The private rented sector has grown steadily from 5% in 1999 to 15% in 2016 - an estimated increase of 250,000 households. So it is clear that private landlords play an important role in meeting housing need in Scotland. When choosing a property to rent, tenants may have little information to help them decide whether their prospective landlord is reliable and provides a good standard of accommodation and services. The system of landlord registration should allow the tenant to rely on the judgement of their local authority as to whether a landlord is a fit and proper person to rent property.
Although the presumption is that most landlords aim to let their properties responsibly, the evidence indicates that some landlords apply for registration without being fully aware of their responsibilities as a landlord. For example, property condition is an area where many landlords fail to meet the legal requirements, and about which tenants have most complaints. A minority of landlords also deliberately choose to operate outside the law, by providing poor quality services and accommodation, often to vulnerable people. Some examples of the available evidence relating to poor property condition are included in Annex A.
Landlords who apply for registration are required to make a general declaration that they meet the legal duties for letting houses. However, the evidence suggests that this is not enough to ensure that they do understand and comply with their responsibilities. The consultation therefore includes proposals to ask for additional information about compliance with legal duties relating to letting houses, when a person applies for registration, renews registration and adds a property to an existing registration.
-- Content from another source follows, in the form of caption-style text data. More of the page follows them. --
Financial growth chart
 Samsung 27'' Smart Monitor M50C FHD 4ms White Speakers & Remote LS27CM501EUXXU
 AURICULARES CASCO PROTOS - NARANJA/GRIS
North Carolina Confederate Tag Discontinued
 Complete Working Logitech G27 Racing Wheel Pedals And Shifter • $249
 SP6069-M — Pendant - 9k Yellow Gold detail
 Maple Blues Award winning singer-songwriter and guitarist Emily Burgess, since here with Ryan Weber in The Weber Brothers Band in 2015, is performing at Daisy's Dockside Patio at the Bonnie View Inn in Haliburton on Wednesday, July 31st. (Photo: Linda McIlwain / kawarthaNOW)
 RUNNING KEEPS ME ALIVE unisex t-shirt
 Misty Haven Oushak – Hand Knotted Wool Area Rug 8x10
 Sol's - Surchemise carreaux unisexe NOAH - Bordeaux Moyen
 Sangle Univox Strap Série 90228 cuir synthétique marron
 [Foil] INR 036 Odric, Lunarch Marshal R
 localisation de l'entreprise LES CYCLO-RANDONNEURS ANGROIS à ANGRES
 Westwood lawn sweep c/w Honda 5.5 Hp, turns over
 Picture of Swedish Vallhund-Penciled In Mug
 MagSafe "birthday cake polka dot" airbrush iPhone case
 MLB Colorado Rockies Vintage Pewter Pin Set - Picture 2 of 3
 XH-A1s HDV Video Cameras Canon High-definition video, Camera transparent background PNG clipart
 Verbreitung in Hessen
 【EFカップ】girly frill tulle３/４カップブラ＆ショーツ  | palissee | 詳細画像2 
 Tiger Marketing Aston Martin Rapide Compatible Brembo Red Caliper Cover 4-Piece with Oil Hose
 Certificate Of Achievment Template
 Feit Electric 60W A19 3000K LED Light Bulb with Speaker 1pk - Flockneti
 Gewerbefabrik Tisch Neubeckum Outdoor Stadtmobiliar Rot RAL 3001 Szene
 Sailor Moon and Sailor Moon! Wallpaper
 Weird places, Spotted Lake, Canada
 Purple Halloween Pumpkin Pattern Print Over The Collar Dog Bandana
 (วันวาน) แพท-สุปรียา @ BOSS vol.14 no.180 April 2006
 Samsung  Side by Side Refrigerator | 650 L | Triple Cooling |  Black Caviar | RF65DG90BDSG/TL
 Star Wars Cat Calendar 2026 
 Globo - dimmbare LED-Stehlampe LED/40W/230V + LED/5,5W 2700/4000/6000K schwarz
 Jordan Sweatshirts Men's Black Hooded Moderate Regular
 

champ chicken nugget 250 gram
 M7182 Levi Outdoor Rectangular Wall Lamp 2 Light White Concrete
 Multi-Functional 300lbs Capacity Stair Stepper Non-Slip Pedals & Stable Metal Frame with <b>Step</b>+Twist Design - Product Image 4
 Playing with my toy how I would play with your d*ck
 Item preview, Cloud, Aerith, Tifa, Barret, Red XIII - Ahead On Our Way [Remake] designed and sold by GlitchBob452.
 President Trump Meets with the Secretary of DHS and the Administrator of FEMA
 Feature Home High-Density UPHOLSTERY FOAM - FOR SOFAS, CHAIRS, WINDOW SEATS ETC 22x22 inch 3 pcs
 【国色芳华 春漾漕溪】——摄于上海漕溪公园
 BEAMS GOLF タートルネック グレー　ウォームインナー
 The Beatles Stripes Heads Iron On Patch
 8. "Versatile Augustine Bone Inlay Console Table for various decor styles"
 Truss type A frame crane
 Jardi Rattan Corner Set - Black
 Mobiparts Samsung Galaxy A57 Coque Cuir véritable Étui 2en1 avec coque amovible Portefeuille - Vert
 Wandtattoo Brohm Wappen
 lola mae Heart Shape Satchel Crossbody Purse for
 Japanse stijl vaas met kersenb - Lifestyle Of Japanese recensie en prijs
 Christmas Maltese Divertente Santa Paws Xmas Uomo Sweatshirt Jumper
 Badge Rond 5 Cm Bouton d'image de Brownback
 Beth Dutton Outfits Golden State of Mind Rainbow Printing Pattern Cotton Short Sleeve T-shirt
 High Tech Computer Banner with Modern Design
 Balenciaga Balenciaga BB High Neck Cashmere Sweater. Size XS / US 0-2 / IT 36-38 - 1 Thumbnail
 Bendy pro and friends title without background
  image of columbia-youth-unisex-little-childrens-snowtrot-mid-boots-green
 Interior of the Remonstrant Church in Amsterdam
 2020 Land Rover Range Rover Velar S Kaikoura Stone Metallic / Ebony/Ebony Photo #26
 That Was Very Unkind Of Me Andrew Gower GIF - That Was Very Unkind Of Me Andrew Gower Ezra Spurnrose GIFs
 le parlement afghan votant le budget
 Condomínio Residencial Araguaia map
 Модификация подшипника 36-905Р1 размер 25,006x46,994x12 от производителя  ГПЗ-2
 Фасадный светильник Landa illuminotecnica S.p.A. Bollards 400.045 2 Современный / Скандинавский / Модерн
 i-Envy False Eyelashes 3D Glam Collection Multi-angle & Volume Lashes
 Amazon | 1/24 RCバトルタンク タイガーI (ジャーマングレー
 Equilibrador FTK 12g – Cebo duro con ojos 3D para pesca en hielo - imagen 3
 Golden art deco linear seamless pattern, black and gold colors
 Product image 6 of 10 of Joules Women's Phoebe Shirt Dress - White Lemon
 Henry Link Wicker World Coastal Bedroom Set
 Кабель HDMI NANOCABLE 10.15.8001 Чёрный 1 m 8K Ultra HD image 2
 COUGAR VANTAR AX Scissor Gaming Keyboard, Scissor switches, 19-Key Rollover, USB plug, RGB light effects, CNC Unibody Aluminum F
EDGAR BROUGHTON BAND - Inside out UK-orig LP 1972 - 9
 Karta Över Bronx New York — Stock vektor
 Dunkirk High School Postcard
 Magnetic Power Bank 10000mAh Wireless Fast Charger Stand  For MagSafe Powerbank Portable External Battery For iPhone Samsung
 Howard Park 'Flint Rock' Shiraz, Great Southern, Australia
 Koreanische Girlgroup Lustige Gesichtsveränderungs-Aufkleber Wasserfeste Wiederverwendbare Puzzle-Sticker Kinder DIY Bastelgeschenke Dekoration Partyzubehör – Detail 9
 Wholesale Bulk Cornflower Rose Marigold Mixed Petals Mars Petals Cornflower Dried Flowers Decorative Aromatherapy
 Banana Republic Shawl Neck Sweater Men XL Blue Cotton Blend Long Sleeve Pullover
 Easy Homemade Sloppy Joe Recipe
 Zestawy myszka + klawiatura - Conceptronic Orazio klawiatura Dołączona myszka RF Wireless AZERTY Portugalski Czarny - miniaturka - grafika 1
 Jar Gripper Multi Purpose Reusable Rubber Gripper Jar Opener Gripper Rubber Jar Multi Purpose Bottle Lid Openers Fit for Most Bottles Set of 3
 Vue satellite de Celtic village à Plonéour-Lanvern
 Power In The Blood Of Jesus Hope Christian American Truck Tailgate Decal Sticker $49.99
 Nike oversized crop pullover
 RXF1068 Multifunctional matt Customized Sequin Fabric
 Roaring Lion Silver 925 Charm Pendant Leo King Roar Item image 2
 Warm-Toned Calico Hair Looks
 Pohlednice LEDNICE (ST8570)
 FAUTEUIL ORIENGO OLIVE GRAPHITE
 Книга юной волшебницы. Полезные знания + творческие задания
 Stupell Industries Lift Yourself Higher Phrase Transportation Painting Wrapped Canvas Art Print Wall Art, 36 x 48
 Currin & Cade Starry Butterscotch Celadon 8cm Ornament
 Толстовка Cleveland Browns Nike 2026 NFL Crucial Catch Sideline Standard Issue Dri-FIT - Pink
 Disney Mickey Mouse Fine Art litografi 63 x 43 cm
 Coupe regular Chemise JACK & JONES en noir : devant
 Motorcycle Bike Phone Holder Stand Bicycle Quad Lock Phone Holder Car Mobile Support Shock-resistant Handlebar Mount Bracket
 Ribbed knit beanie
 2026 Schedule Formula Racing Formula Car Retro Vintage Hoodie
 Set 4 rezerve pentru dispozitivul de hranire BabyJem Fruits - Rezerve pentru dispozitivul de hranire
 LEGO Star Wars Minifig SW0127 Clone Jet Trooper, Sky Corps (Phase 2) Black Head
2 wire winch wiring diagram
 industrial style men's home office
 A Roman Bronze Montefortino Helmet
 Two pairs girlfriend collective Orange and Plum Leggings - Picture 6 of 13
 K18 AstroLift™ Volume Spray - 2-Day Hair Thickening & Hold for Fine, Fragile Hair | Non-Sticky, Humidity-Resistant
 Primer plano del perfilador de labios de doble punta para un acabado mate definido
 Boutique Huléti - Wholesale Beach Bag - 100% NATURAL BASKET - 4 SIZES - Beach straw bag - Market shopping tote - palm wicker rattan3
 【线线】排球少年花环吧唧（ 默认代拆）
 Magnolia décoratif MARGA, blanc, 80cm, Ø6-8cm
The aim is to:
- raise awareness about landlord responsibilities;
- identify where further advice or support may be required;
- provide better information for local authorities to carry out the fit and proper person test; and
- improve confidence that anyone who is approved and entered onto the register is a suitable person to let houses.
Other amendments are also proposed, to simplify the application process.
The application fees that are paid when someone applies for registration have not increased since 2006. As the expectations on local authorities to deliver more effective administration of landlord registration increase, it is important that the increased costs to local authorities are taken into account. A review of the current application fee structure will ensure that fees continue to be proportionate and reasonable to the authorisation process undertaken by local authorities, as required by the EU Services Directive, which is implemented by the Provision of Services Regulations 2009. Under the EU Directive, the charges for landlord registration should generally not exceed the costs to local authorities of processing applications. The consultation also provides the opportunity to consider simplifying the complex range of discounts that may apply in specific circumstances and whether fees are appropriate for specific changes in circumstance.